A representative for the International Brotherhood of Teamsters said drivers were frequently issued “negative paychecks” because companies illegally charge for fuel, truck leases, repairs and insurance, calling the drayage companies “sweatshops on wheels.”
Weston LaBar of the Harbor Trucking Association said a small group of four to five firms had been targeted by drivers, while most drivers surveyed preferred to keep their flexible hours rather than going on the company payroll.
“Eighty to 90 percent of owner-operators prefer to remain owner- operators,” LaBar told the board, charging that many April picketers had been flown in from other ports by the Teamsters and hurt local productivity.
In addition to Pac 9, drivers struck in April against Intermodal Bridge Transport, Pacer Cartage and Harbor Rail Transport.
More than 550 claims from port drivers have been received by the state Labor Commissioner’s Office, which found in favor of drivers in at least 113 cases to date, calling for $5 million in compensation. Nearly half of such cases have been appealed by the employer, according to a report by the county’s Department of Business and Consumer Affairs.
Drivers told the board that even when companies were ordered to pay back wages, owners would sometimes deliberately bankrupt their original business and shift contracts to a newly-created company.
“Los Angeles is the wage theft capital of the country,” said Rani Narula-Woods of the Los Angeles County Federation of Labor.
One trucking company charged with misclassification by the National Labor Relations Board reclassified its 111 drivers as employees earlier this year and recognized the Teamsters union, leading to a wage increase from $18 to $21 per hour.

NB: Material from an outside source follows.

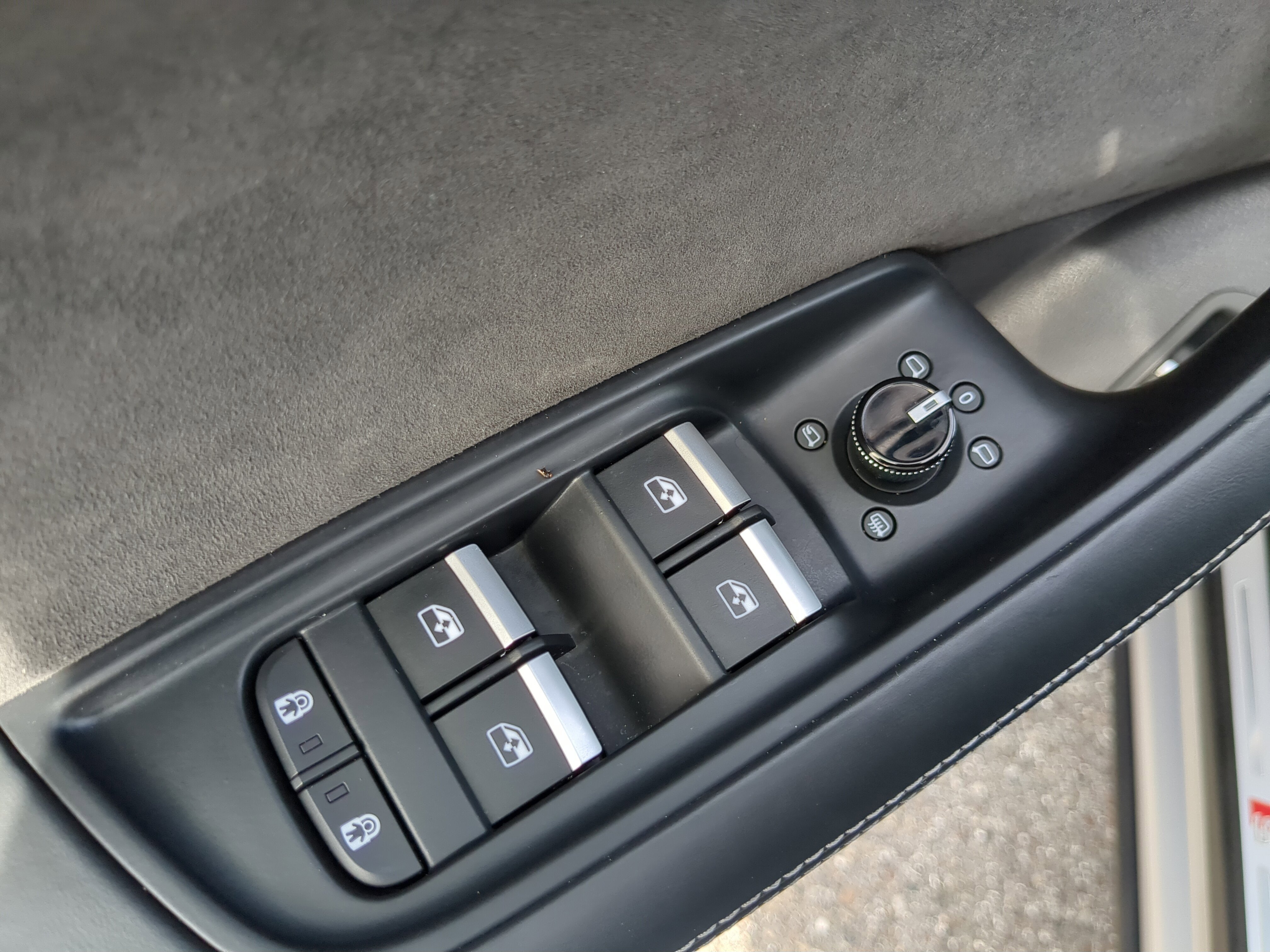 Certified 2021 Audi SQ8 Prestige image 18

Brian Stiger, director of the county’s Department of Business and Consumer Affairs, said the county has limited jurisdiction to address the complaints, but suggested some steps the board might take, including barring companies found in violation of labor laws from county contracts.
Other options include:
— educating trucking company owners about their obligations;
— serving as a referral agency for drivers who believe they have been misclassified;
— partnering with federal and state agencies to pool resources; and
— supporting pending state legislation intended to resolve the issue.
Additional analysis was requested, and a report back is expected in 60 days.